Fix mlx-ci.yml torch install gap + finetune-last-n-layers FakeModel stubs#700
Merged
danielhanchen merged 3 commits intoJun 10, 2026
Merged
Conversation
…tubs Two unrelated cleanups surfaced while validating PR #697: 1. .github/workflows/mlx-ci.yml fails on every scheduled run. pyproject gates `torch` off on darwin+arm64 (mlx is the native path on Apple Silicon), so `pip install -e .[mlx]` on macos-14 does not pull torch. But tests/mlx_simulation/__init__.py:52 unconditionally `import torch` so the autouse shim that powers the test suite can monkeypatch torch.Tensor with MLX-only methods. Collection of tests/test_mlx_torch_shim_smoke.py blows up with `ModuleNotFoundError: No module named 'torch'` before any test runs. Reproduces: most recent scheduled cron run on main (run id 26499388502) failed in 52s with exactly that error at collection time. Fix: install the CPU torch wheel explicitly before `.[mlx]`, matching the local-dev install order. Three-line patch. 2. tests/test_mlx_finetune_last_n_layers.py FakeModel is incomplete. `unsloth_zoo/mlx/loader.py::FastMLXModel.get_peft_model` prints a "LoRA applied -- N trainable params (P% of T total)" stats line at the tail of the function via `mlx.utils.tree_flatten(model.trainable_parameters())` plus `model.parameters()`. The synthetic FakeModel in this test never implemented those two methods, so the assertion targeting `linear_to_lora_layers`'s captured `num_layers` is never reached -- the test crashes at `loader.py:3712` with `AttributeError: 'FakeModel' object has no attribute 'trainable_parameters'`. The test exercises a parameter passthrough; the stats line is incidental. Fix: stub `trainable_parameters` and `parameters` on FakeModel to return empty dicts so tree_flatten yields zero entries and the stats line prints "0.00% of 0 total" without raising.
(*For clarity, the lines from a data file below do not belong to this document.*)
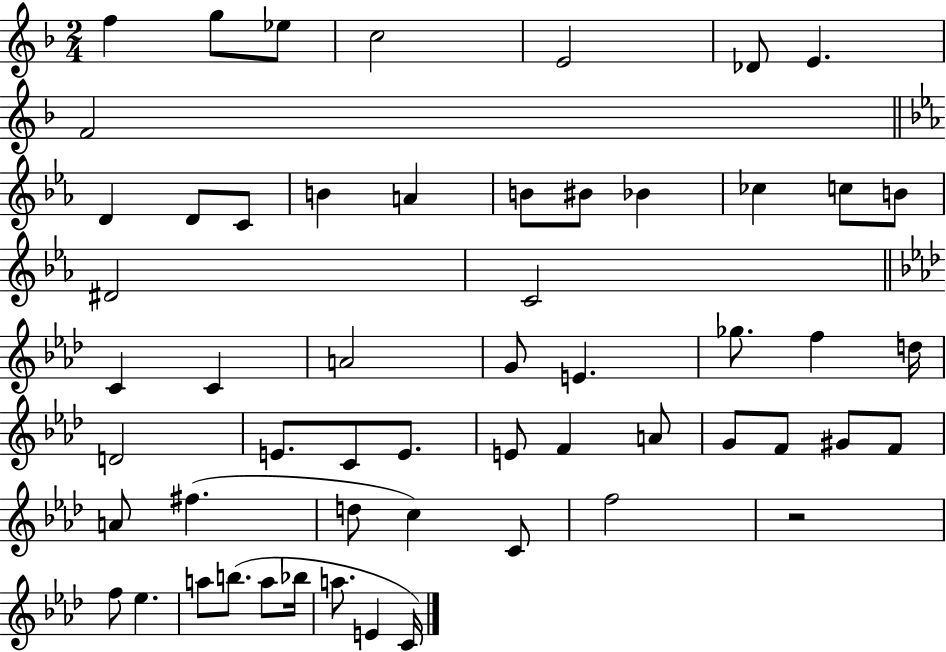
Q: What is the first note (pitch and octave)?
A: F5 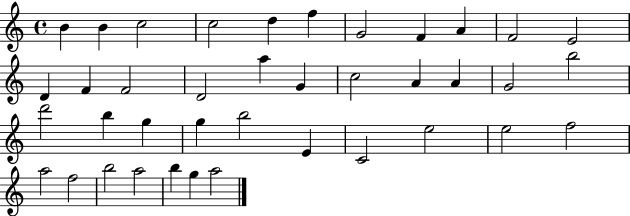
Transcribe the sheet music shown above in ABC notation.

X:1
T:Untitled
M:4/4
L:1/4
K:C
B B c2 c2 d f G2 F A F2 E2 D F F2 D2 a G c2 A A G2 b2 d'2 b g g b2 E C2 e2 e2 f2 a2 f2 b2 a2 b g a2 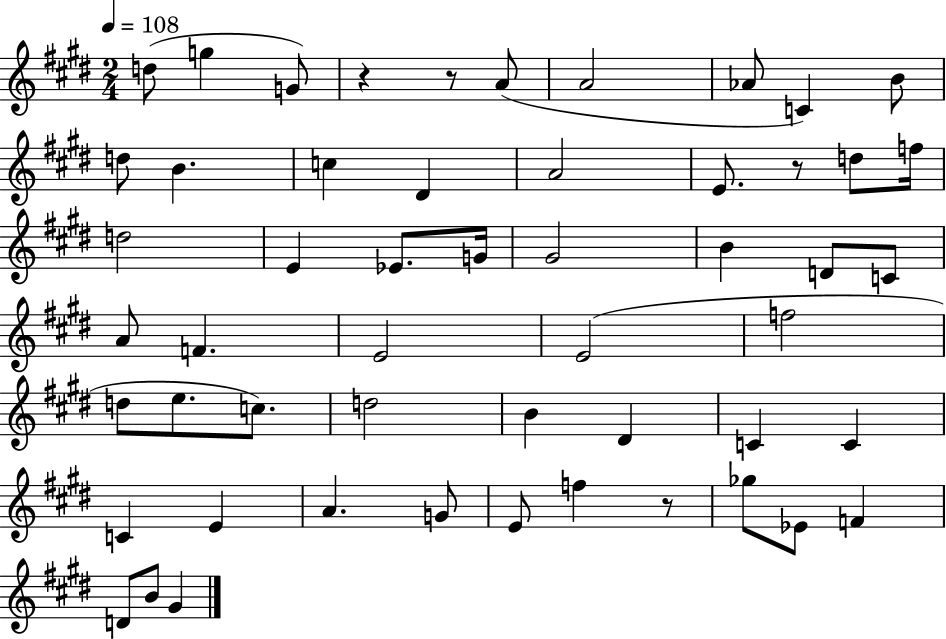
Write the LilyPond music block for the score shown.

{
  \clef treble
  \numericTimeSignature
  \time 2/4
  \key e \major
  \tempo 4 = 108
  d''8( g''4 g'8) | r4 r8 a'8( | a'2 | aes'8 c'4) b'8 | \break d''8 b'4. | c''4 dis'4 | a'2 | e'8. r8 d''8 f''16 | \break d''2 | e'4 ees'8. g'16 | gis'2 | b'4 d'8 c'8 | \break a'8 f'4. | e'2 | e'2( | f''2 | \break d''8 e''8. c''8.) | d''2 | b'4 dis'4 | c'4 c'4 | \break c'4 e'4 | a'4. g'8 | e'8 f''4 r8 | ges''8 ees'8 f'4 | \break d'8 b'8 gis'4 | \bar "|."
} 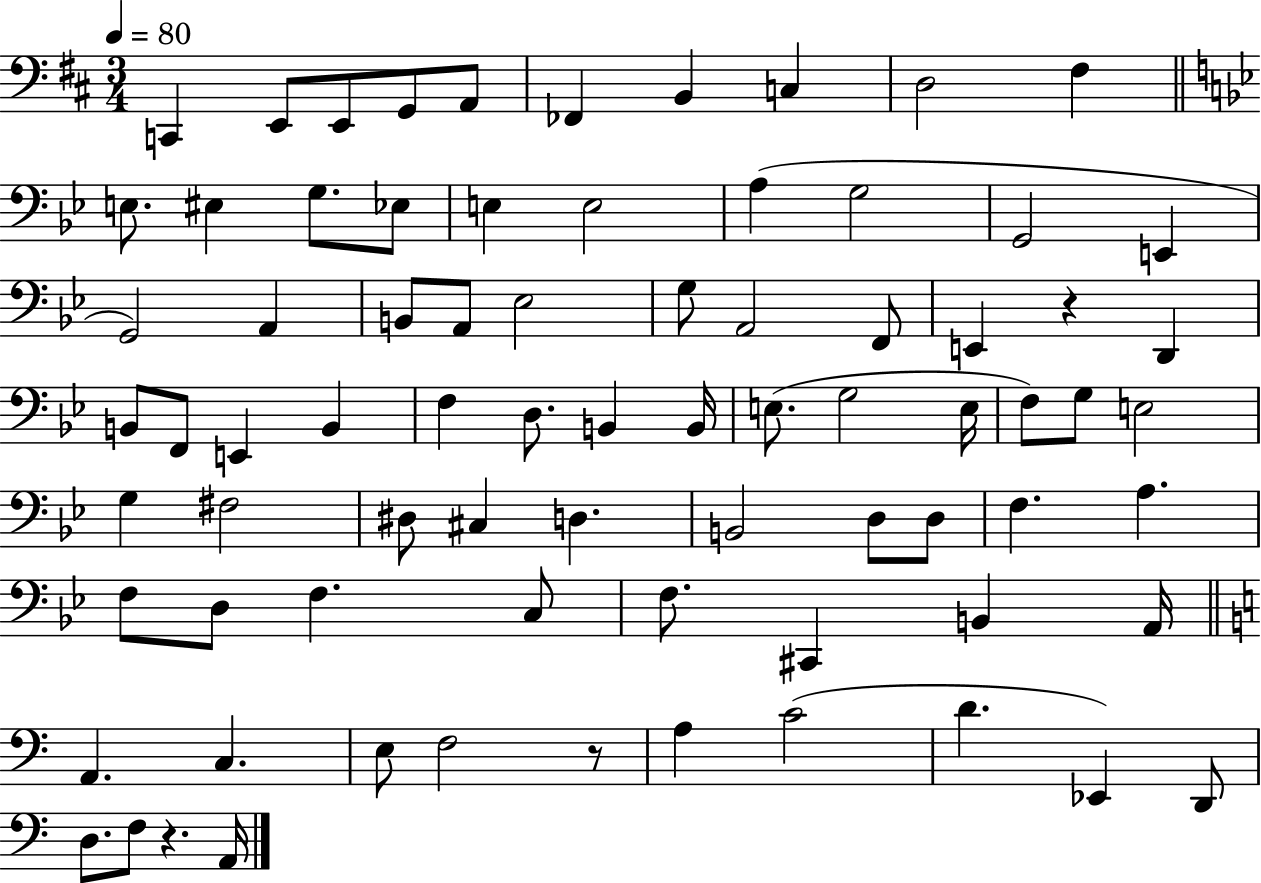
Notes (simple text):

C2/q E2/e E2/e G2/e A2/e FES2/q B2/q C3/q D3/h F#3/q E3/e. EIS3/q G3/e. Eb3/e E3/q E3/h A3/q G3/h G2/h E2/q G2/h A2/q B2/e A2/e Eb3/h G3/e A2/h F2/e E2/q R/q D2/q B2/e F2/e E2/q B2/q F3/q D3/e. B2/q B2/s E3/e. G3/h E3/s F3/e G3/e E3/h G3/q F#3/h D#3/e C#3/q D3/q. B2/h D3/e D3/e F3/q. A3/q. F3/e D3/e F3/q. C3/e F3/e. C#2/q B2/q A2/s A2/q. C3/q. E3/e F3/h R/e A3/q C4/h D4/q. Eb2/q D2/e D3/e. F3/e R/q. A2/s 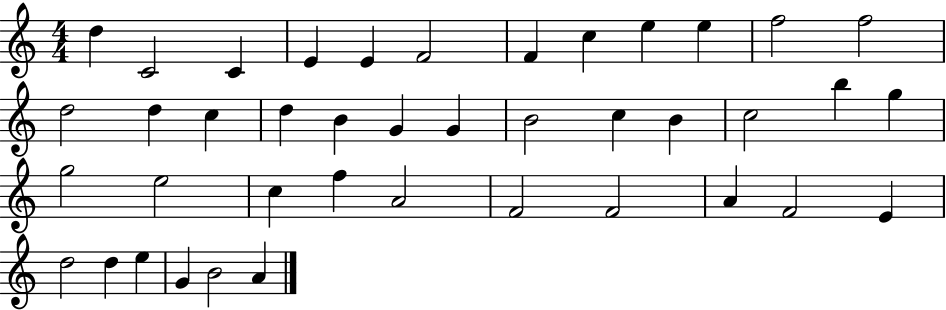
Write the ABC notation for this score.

X:1
T:Untitled
M:4/4
L:1/4
K:C
d C2 C E E F2 F c e e f2 f2 d2 d c d B G G B2 c B c2 b g g2 e2 c f A2 F2 F2 A F2 E d2 d e G B2 A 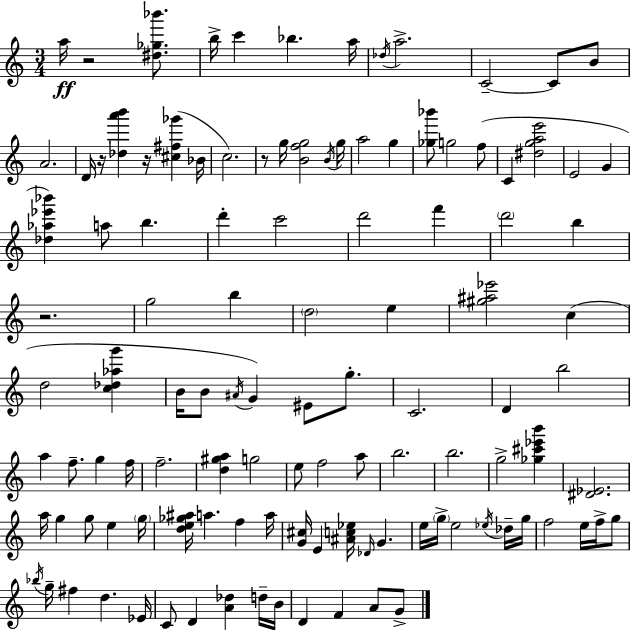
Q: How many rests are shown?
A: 5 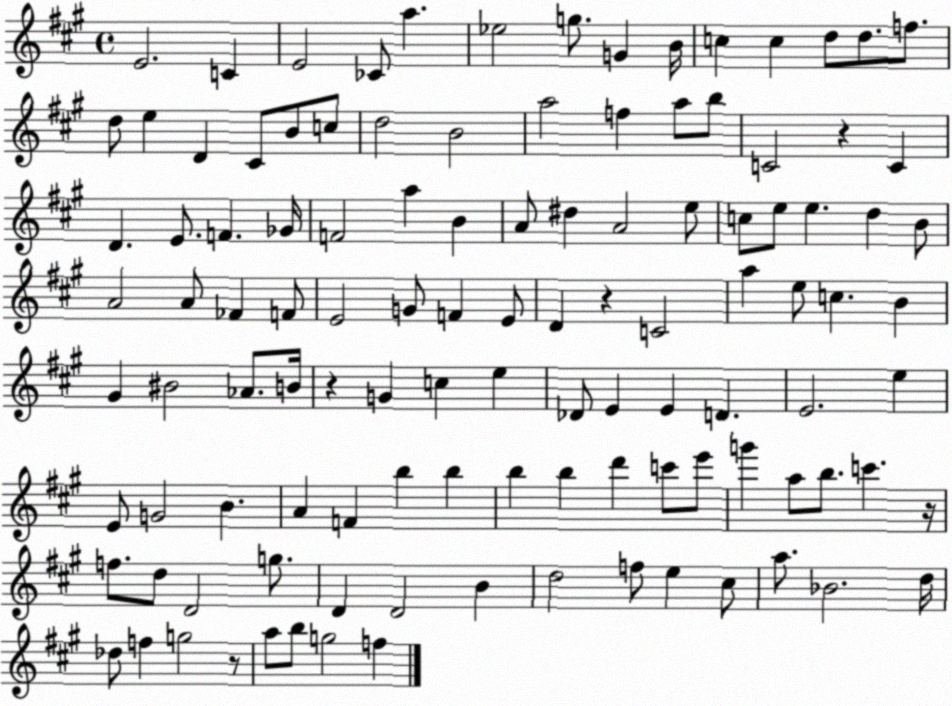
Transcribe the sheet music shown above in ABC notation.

X:1
T:Untitled
M:4/4
L:1/4
K:A
E2 C E2 _C/2 a _e2 g/2 G B/4 c c d/2 d/2 f/2 d/2 e D ^C/2 B/2 c/2 d2 B2 a2 f a/2 b/2 C2 z C D E/2 F _G/4 F2 a B A/2 ^d A2 e/2 c/2 e/2 e d B/2 A2 A/2 _F F/2 E2 G/2 F E/2 D z C2 a e/2 c B ^G ^B2 _A/2 B/4 z G c e _D/2 E E D E2 e E/2 G2 B A F b b b b d' c'/2 e'/2 g' a/2 b/2 c' z/4 f/2 d/2 D2 g/2 D D2 B d2 f/2 e ^c/2 a/2 _B2 d/4 _d/2 f g2 z/2 a/2 b/2 g2 f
Verified locally: python -m pytest tests/test_mlx_finetune_last_n_layers.py -v 2 passed python -m pytest tests/test_mlx_*.py -q 180 passed, 1 skipped python -m pytest tests/ -q --ignore=tests/security 1017 passed, 50 skipped
Contributor
There was a problem hiding this comment.
Code Review
This pull request updates the FakeModel class in tests/test_mlx_finetune_last_n_layers.py by adding mock trainable_parameters and parameters methods that return empty dictionaries. This prevents AttributeError exceptions when get_peft_model attempts to print LoRA parameter statistics during testing. There are no review comments to address.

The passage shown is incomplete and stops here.